Fan fiction, eh? Hm, didn’t see that one coming. Tikatu has more:
I’ll second both Daria and middier’s comments. We’re out here, alive and kicking. And y’know, we defy the “geek” stereotype as well. A lot of us are women, well over the age of 20, raising families, working at fulfilling jobs, definitely internet and computer savvy, and still in love with the show. We write fanfiction, create fanvids (did you look at YouTube?), draw fanart, argue on messageboards about the minutia surrounding the show, buy memorabilia on eBay… the list of fannish activities goes on and on.

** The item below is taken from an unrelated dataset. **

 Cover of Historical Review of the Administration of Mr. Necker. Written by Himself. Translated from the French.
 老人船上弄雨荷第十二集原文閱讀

And Daria again sums it up:
These wonderful ladies represent thousands upon thousands of Thunderbirds fans in the States and the many millions around the world. I often receive letters addressed to the various members of the Tracy family from places as far away as Australia and New Zealand, The Netherlands, Chile, Japan and various parts of the US and Canada, from fans as young as 4 and as old as 65 or more. They all have their favorite characters and episodes (with scripts they know by heart) and, what’s even better, they really believe in International Rescue and the dangerous but life-saving work which those characters perform. Many of the kids that I hear from want to grow up and be like the Tracy family: they want to do good deeds and help people who are in dire need. How many other fandoms can you name which inspire the best in the human spirit and cause fans to want to become rescue workers or designers of high-tech rescue and/or aeronautics equipment?
Millions of Thunderbirds fans? That might be stretching it. But they are not dying out — that’s for sure. It just goes to show that you never know what way a fandom is going to go, and even the Beat can be surprised now and then.